We propose a method for segmenting and labeling the main head and neck vessels (common, internal, external carotid,
vertebral) from a contrast enhanced computed tomography angiography (CTA) volume. First, an initial centerline of
each vessel is extracted. Next, the vessels are segmented using 3D active objects initialized using the first step. Finally,
the true centerline is identified by smoothly deforming it away from the segmented mask edges using a spline-snake.
We focus particularly on the novel initial centerline extraction technique. It uses a locally adaptive front propagation
algorithm that attempts to find the optimal path connecting the ends of the vessel, typically from the lowest image of the
scan to the Circle of Willis in the brain. It uses a patient adapted anatomical model of the different vessels both to
initialize and constrain this fast marching, thus eliminating the need for manual selection of seed points.
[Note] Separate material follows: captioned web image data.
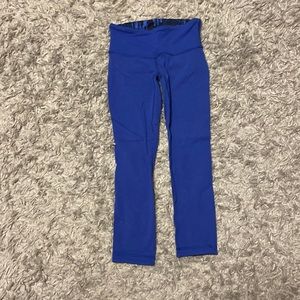 Womens cropped Lulu Lemon blue leggings. Perfect condition, lightly worn.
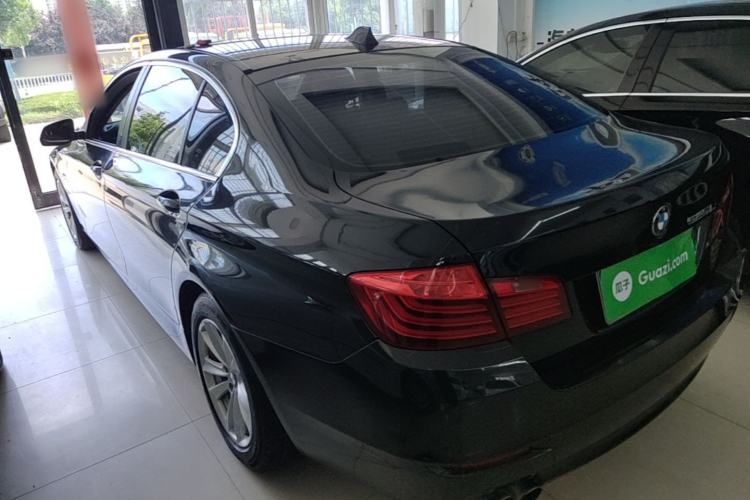 Used BMW 5 Series 2014 520Li Elegant Model Rear Left 45 Deg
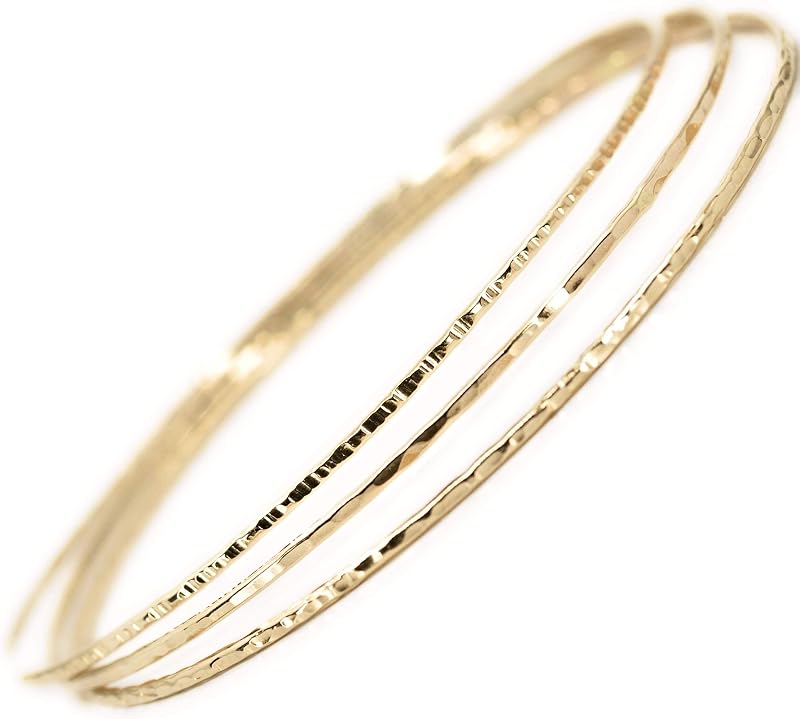 Brazaletes rellenos de oro de 14k martillados en un conjunto de 3 texturas, joyería Mu-Yin hecha a mano en EE.UU.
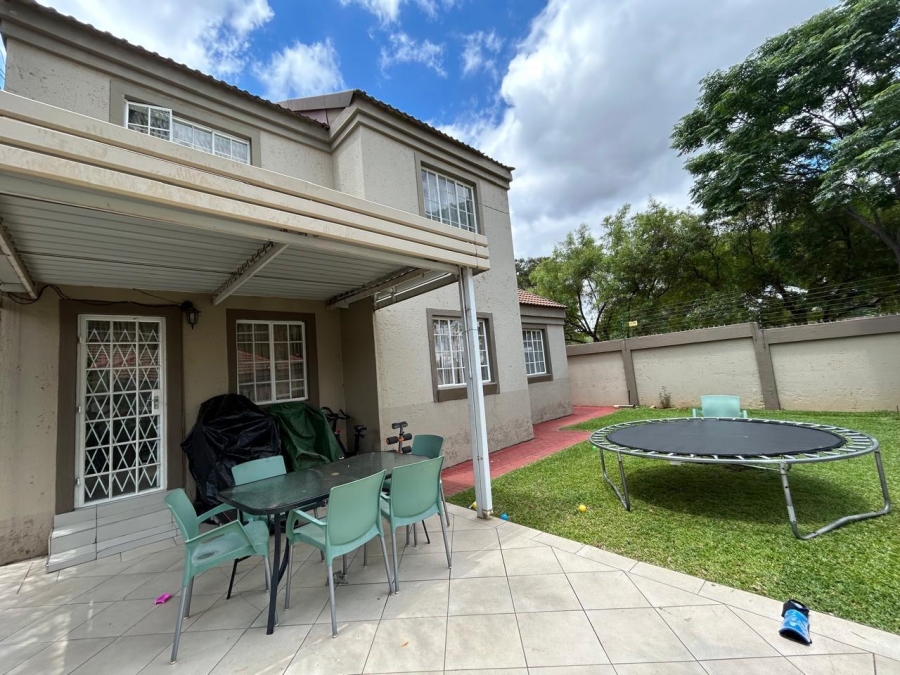 3 Bedroom Property for Sale in Equestria Gauteng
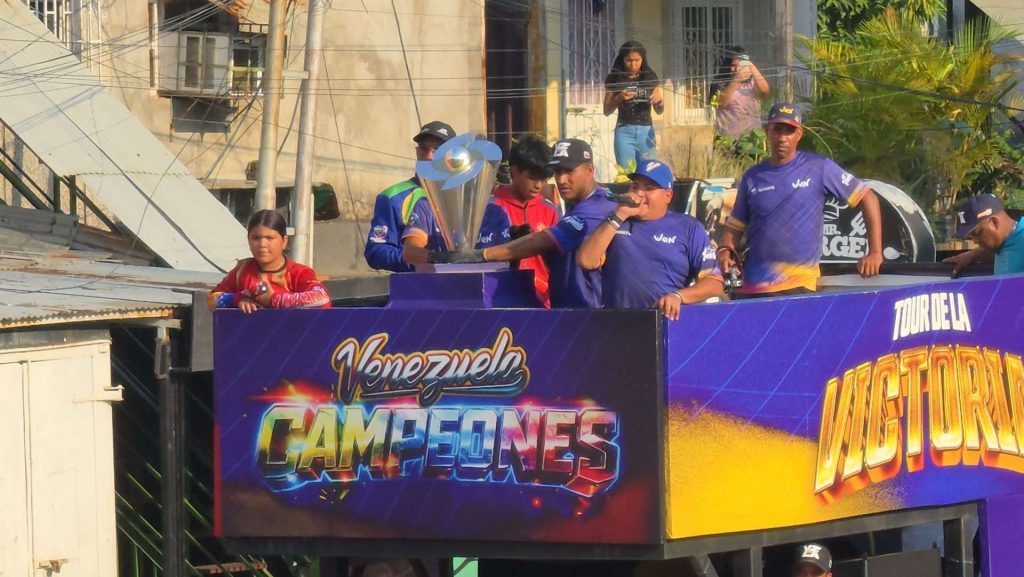 Copa Mundial de Béisbol 2026 desborda el Paseo Libertador en Apure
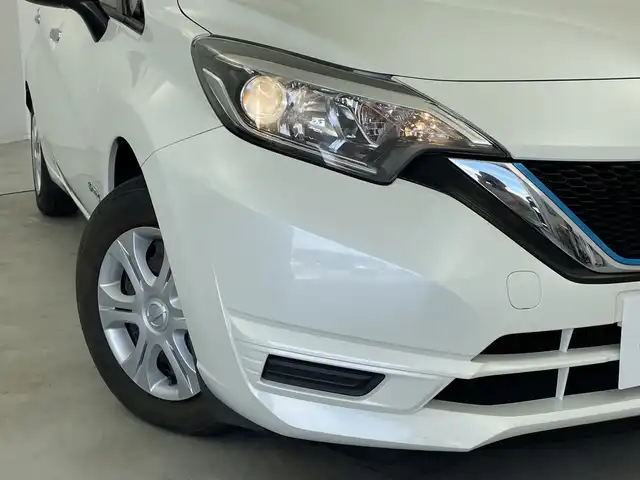 日産 ノート e－パワー X 新潟県 2018(平30)年 6万km ブリリアントホワイトパール 純正SDナビ/・フルセグTV/・AM FM/・CD DVD/・SD録音機能/衝突軽減ブレーキ/車線逸脱警報/ステアリングリモコン/プッシュスタート/スマートキー/ETC/オートヘッドライト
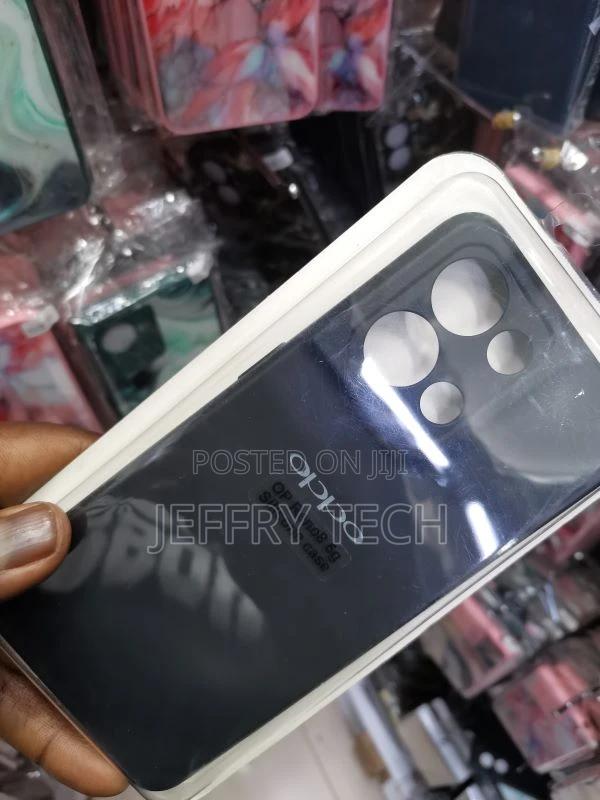 Oppo Reno 8 5G Case - Soft Flex - Black - thumbnail 3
The method is evaluated using data from multiple regions (USA, India, China, Israel) including a variety of scanners
(10, 16, 40, 64-slice; Brilliance CT, Philips Healthcare, Cleveland, OH, USA), contrast agent dose, and image
resolution. It is fully successful in over 90% of patients and only misses a single vessel in most remaining cases. We
also demonstrate its robustness to metal and dental artifacts and anatomical variability. Total processing time is approximately two minutes with no user interaction, which dramatically improves the workflow over existing clinical software. It also reduces patient dose exposure by obviating the need to acquire an unenhanced
scan for bone suppression as this can be done by applying the segmentation masks.